Oct 102020
 

Jon-Emile S. Kenny MD [@heart_lung]

When we model the circulation at the bedside, we resort to generalizations.  While these mechanistic heuristics don’t completely capture the complexity of hemodynamics, they do help us think quickly when confronted by clinical urgency.  For example, distilling ‘venous return’ into an upstream pressure and downstream pressure separated by a single resistance, is certainly simplified [1-5].  As well, we often tie together the branching arterial tree into sequential ‘generations’ and assume each division to be completely characterized by a single compliance and resistance.  Such an approach ignores the uniqueness of each organ and tissue bed; for example, we know that the skin, brain, kidneys and heart all behave differently at the level of pre-capillary arteriole [6-8].  As previously argued, ‘All Perfusion is Local’ and one way to model each tissue’s distinct perfusion characteristic is through ‘conductance.’

Conductance

Conductance is the inverse of resistance.  In a hemodynamic model, a conductance curve is generated with pressure on the x-axis and flow on the y-axis [Figure 1]; the slope of the line, is conductance.  While simply the mathematical inverse of resistance, I prefer to use ‘conductance’ because it sheds the cognitive baggage that clings to ‘resistance.’  That is, ‘resistance’ conjures an image of constricting and dilating vessels.  No doubt, pre-capillary arteriolar constriction decreases flow per unit pressure and the conductance curve shifts down [8].  But there is more to conductance than cross-sectional vessel area!  For example, stiffening a vessel decreases flow per unit pressure.  This is why, in an experimental model, reinforcing the aorta with plastic decreases conductance [increases resistance] without any change in vessel diameter [9].  It’s also why the pulmonary vascular circulation can recruit and dilate in response to high pulmonary artery occlusion pressure – yet have diminished conductance [i.e. because the vessels stiffen at their elastic limit] [10].

Conductance & Time

Yet another assumption collides with the aforementioned and it stems from how we calculate flow. Tissue flow [volume per time] is calculated as the product of stroke volume [volume per cycle] and heart rate [cycles per minute]; this is true if, and only if, the tissue bed receives volume throughout the entire cycle [i.e. during systole and diastole].  Accordingly, if tissue preferentially accepts volume during a specific portion of the cardiac cycle, then the direct relationship between flow and cycle rate falls apart.  Why?  Because as heart rate changes so too does the proportion of systole and diastole [11, 12].

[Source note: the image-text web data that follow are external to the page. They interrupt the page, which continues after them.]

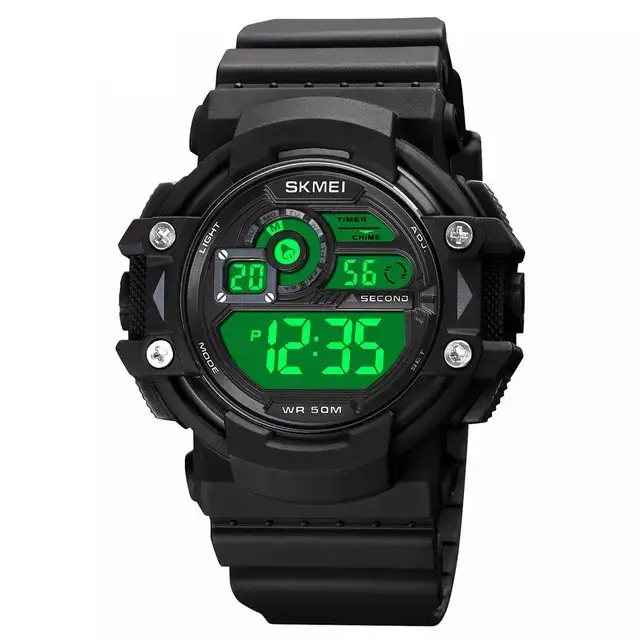 Чоловічий спортивний наручний годинник Skmei 1778 (Чорний з білим циферблатом) Київ - фото 3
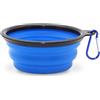 SOLUZIONIGIARDINO Ciotole per Cani da Viaggio 300 ml, Ciotola Pieghevole per Cani Acqua e Crocchette, Realizzata in Silicone Ciotola Portatile per Gatti con Moschettone, Accessori Gatto (Blu)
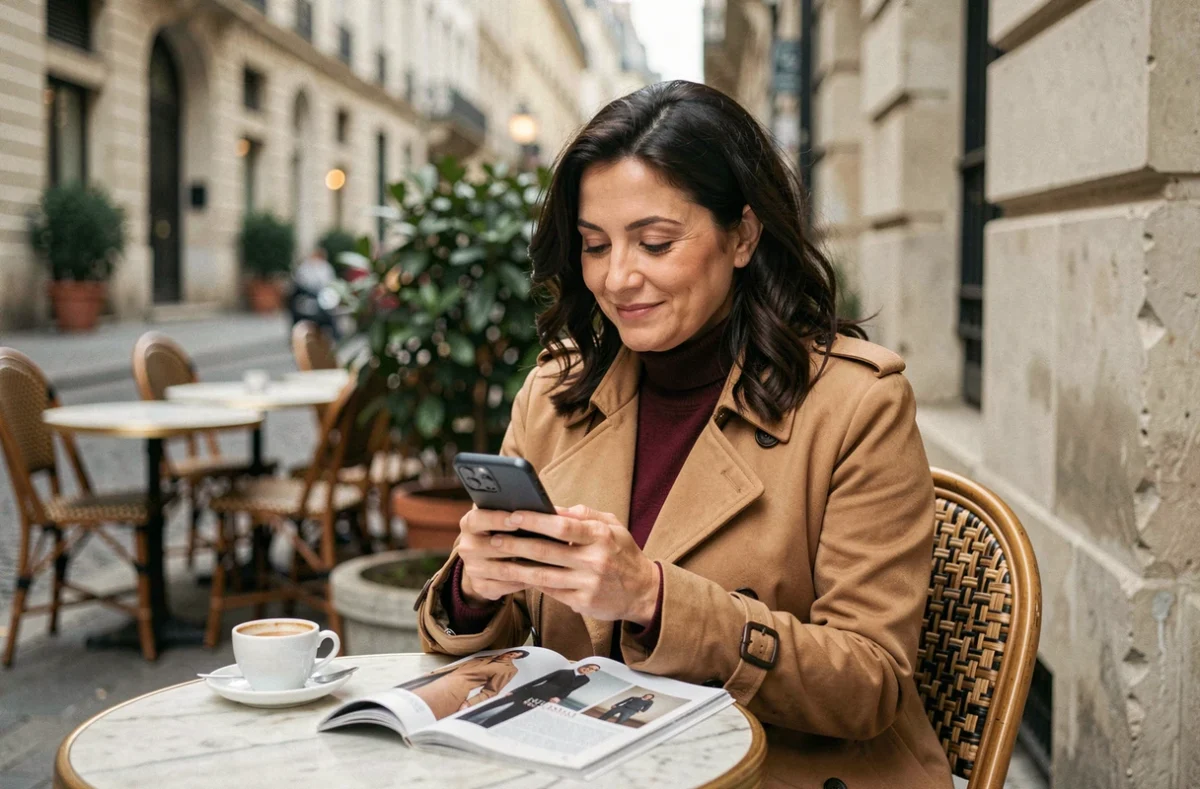 Femme parisienne élégante en terrasse de café consultant son téléphone, inspirée par des célébrités féminines reconnues pour leur beauté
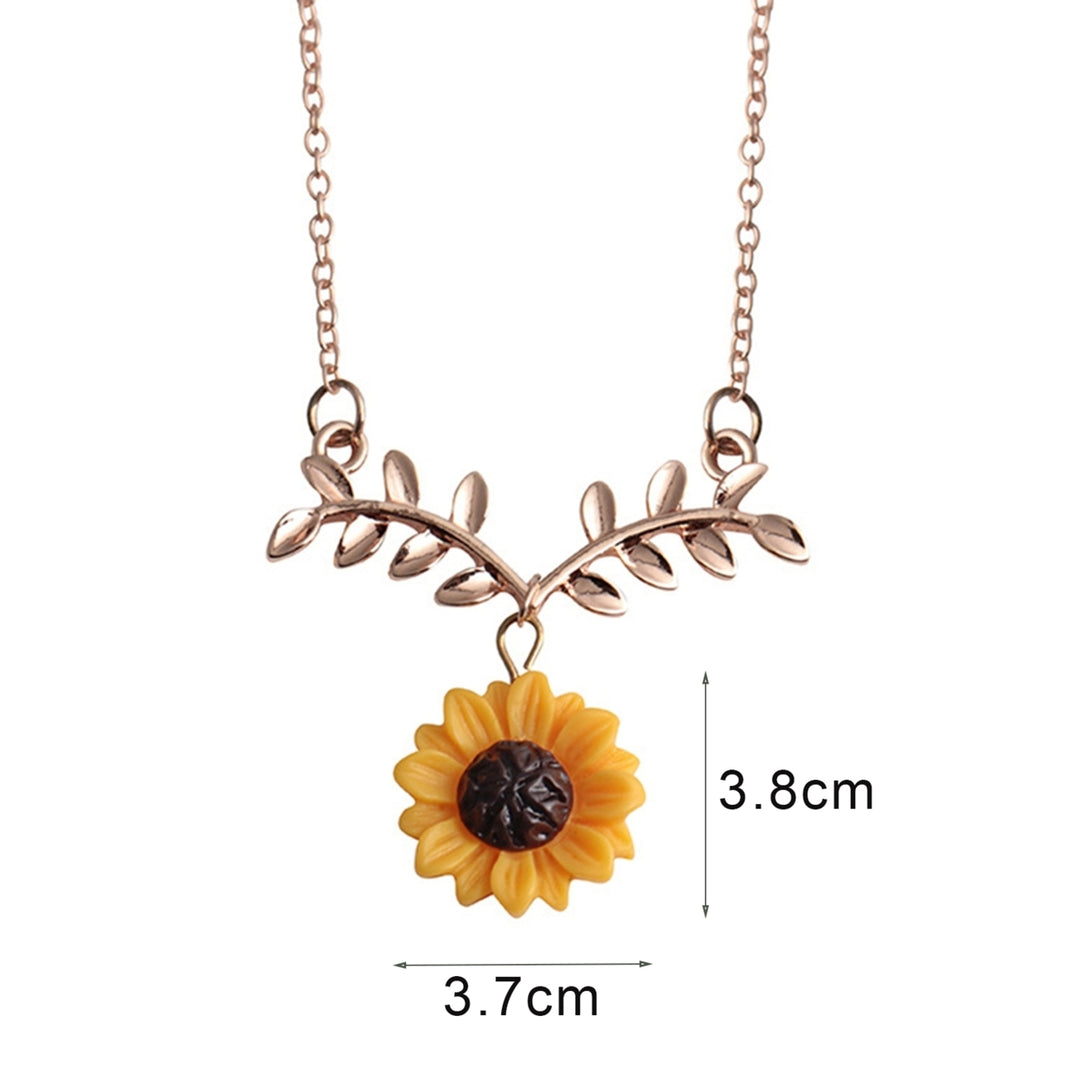 Leave Shape Sunflower Pendant Alloy Luxury Choker Necklace for Party Image 4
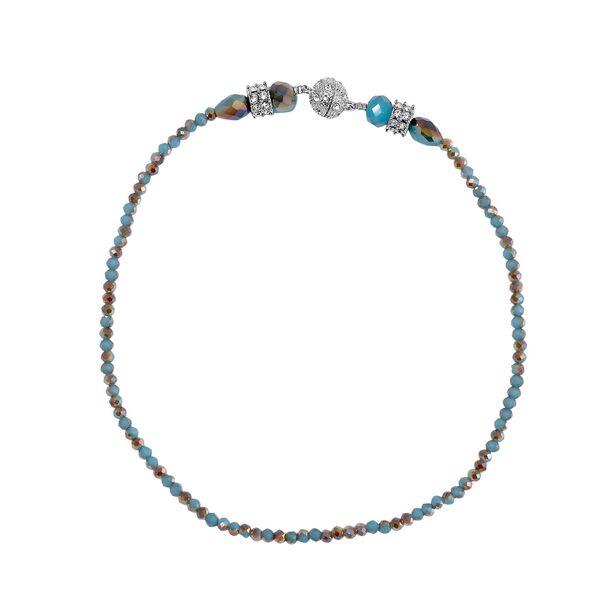 2er Set mehrschichtiger Halsketten und Ohrringe, Blaue, braune und champagnerfarbene Kristallperlen und wei&szlig;e Kristalle image number 6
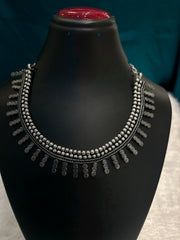 Oxidized Simple Circle Danglings Necklace Set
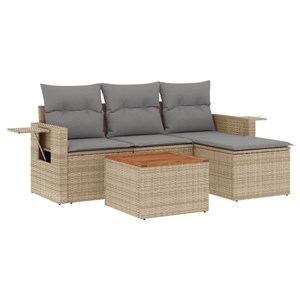 Maison exclusive - salon de jardin avec coussins 5pcs mélange beige résine tress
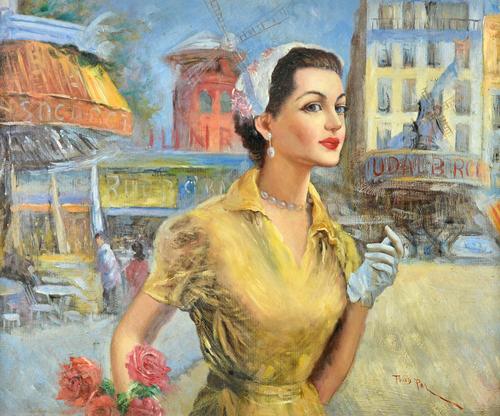 Fried Pal (1893-1976), La Parisienne, oil on canvas laid down, signed, 49cm x 60cm. DDS Illustrated.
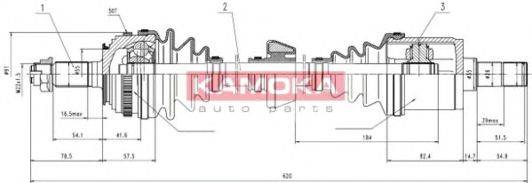 Приводной вал HO1138927A KAMOKA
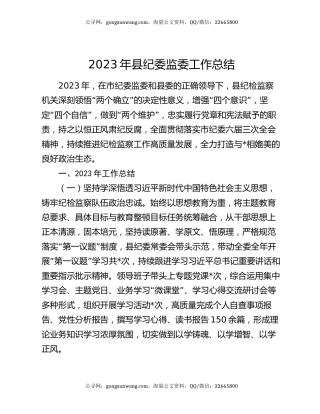 2023年县纪委监委工作总结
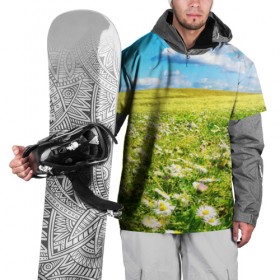 Накидка на куртку 3D с принтом Ромашковый ковёр в Новосибирске, 100% полиэстер |  | горизонт | зелень | небо | облака | поле | поляна | ромашки | солнце | цветы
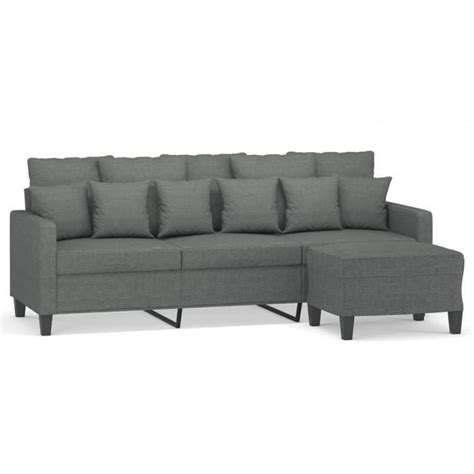 BLL Canapé à 3 places avec repose pieds Gris foncé 180 cm Tissu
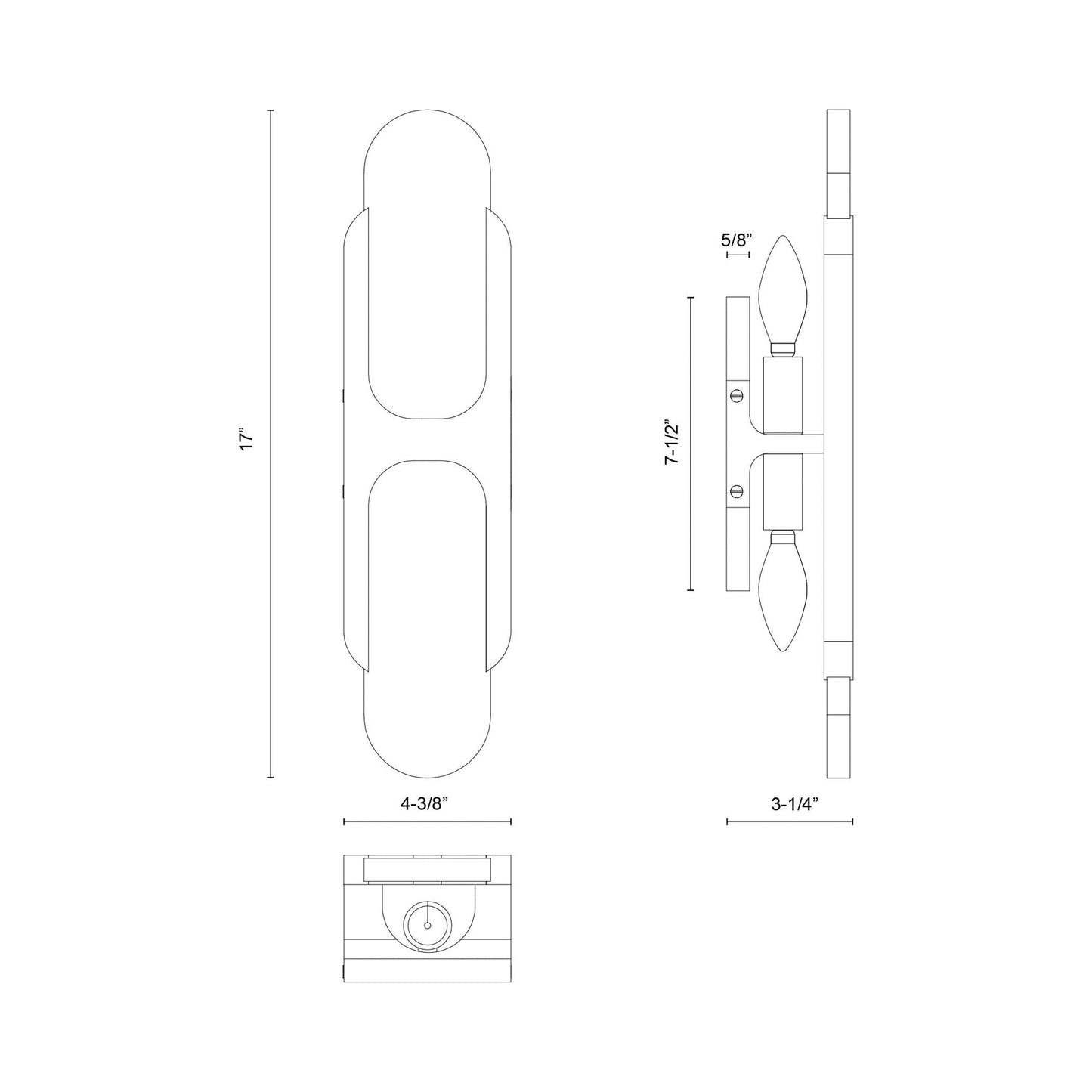 Odin Bath Vanity Light - line drawing.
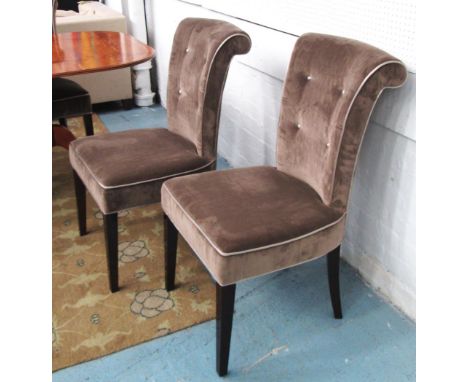 DINING CHAIRS, a set of six, in button back chenille with contrasting piping, each 52cm W x 97cm H x 50cm D. (6)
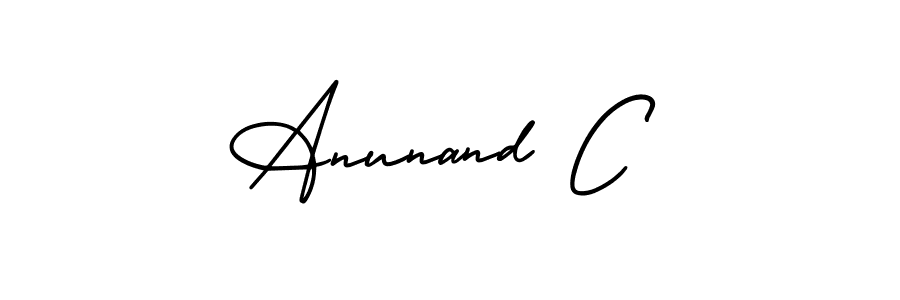 How to make Anunand C signature? AmerikaSignatureDemo-Regular is a professional autograph style. Create handwritten signature for Anunand C name. Anunand C signature style 3 images and pictures png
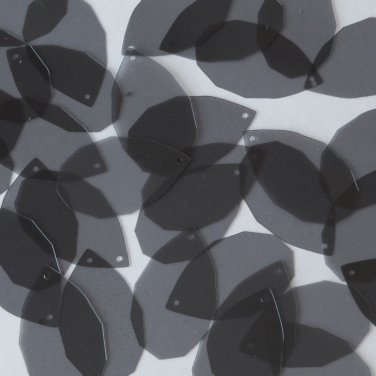 Facet Gem Teardrop Sequin 1.25" Smoke Gray Transparent Glossy Matte Reversible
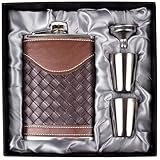Flachmann für Herren, 237 ml, Lederflasche, Geschenkset, LHD HOME 304 Edelstahl-Flachmann-Set mit...
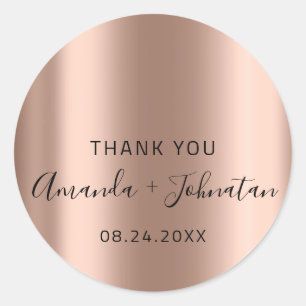 Danke Skinny Gold Name Datum Schwarz Weiß Röte  Runder Aufkleber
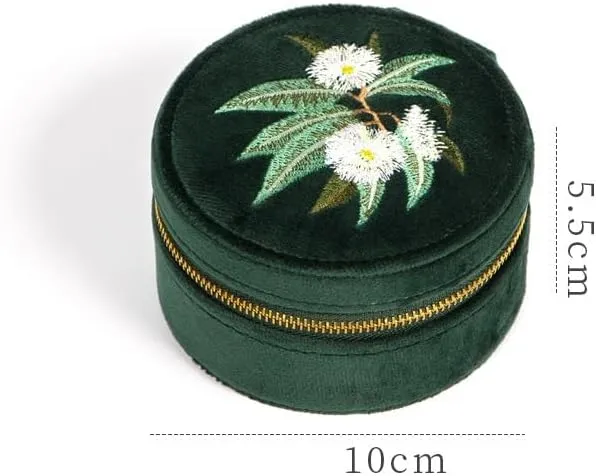 Embroidery Flannelette Portable Bracelet Box Watch Box Vintage Jewelry Box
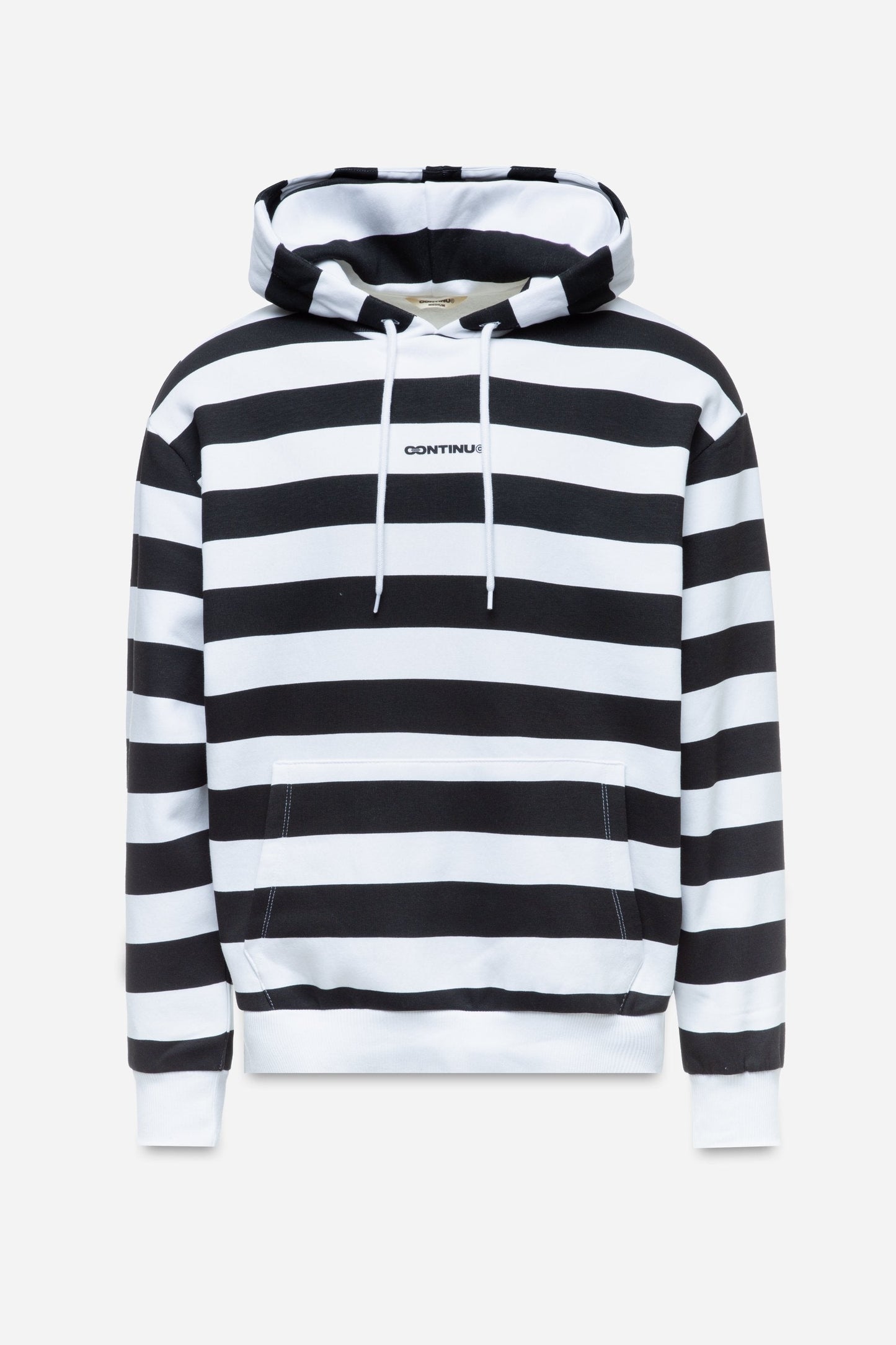 CONTINU8 WHITE BLACK OVERSIZED HOODIE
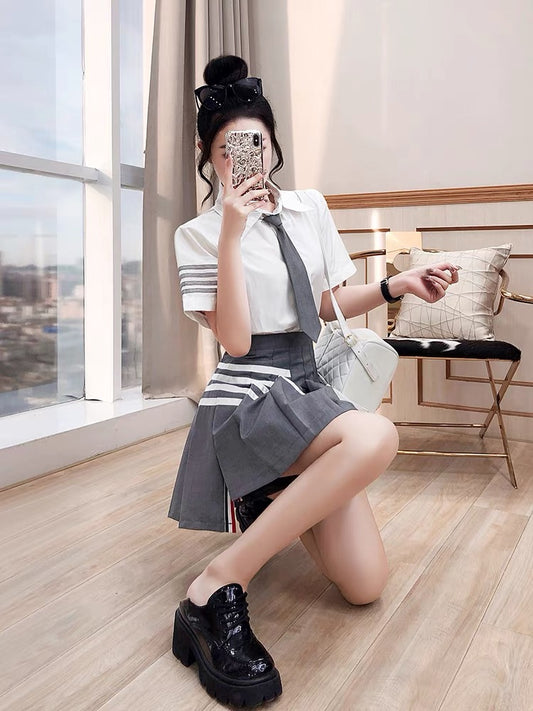 College style suit women's 2022 new summer dress net red temperament shirt jk short skirt lively and age-reducing two-piece suit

Figure 1: Hypothetical effect of heart rate on diastolic time fraction [Tdf] and conductance. The effect of increasing heart rate [HR] from point 1 to 2 on the inset shows large drop in Tdf. This effect decreases subendocardial conductance [slope of light line blue lines]. Thus, tissue flow [y-axis] falls to point 2 secondary to high heart rate. Healthy hearts can blunt the effect of decreased Tdf by vasodilation [which increases conductance] and also, increased heart rate tends to raise diastolic pressure, elevating the x-axis. During septic shock, however, as diastolic pressure falls, especially with high heart rate [i.e. high DSI], perfusion falls to point 3. Pc is closing pressure and assumed constant for clarity.

Consider the subendocardium and the midmyocardium.  During systole, blood volume is emptied from these portions of the heart muscle [13-15]; they are re-perfused during cardiac relaxation.  In other words, these subcomponents of the myocardium preferentially receive blood flow during diastole.  Thus, their perfusion is described by the diastolic pressure gradient [i.e. coronary diastolic pressure less left ventricular diastolic pressure] and the fraction of time spent in diastole [13-15].  Indeed, when coronary perfusion is impaired, its vascular conductance is increased not just by vessel dilation, but also by preferentially prolonging the fraction of time spent in diastole, even when heart rate is held constant [16]!  By contrast, the conductance of the subendocardium decreases the most by shortened diastolic fraction compared to the midmyocardium, while the subepicardium is independent of diastolic time fraction [14].  Thus, studies of human septic shock showing increased coronary conductance, blood flow and diminished oxygen extraction [17, 18] could, possibly, be explained by preferential flow through the subepicardium and into the coronary sinus [19].  Increased subepidcardial-to-subendocardial blood flow secondary to heart rate elevation is well-described [15, 20, 21].  This is important because starved subendocardium contributes to cardiac dysfunction [22], which is observed in septic shock.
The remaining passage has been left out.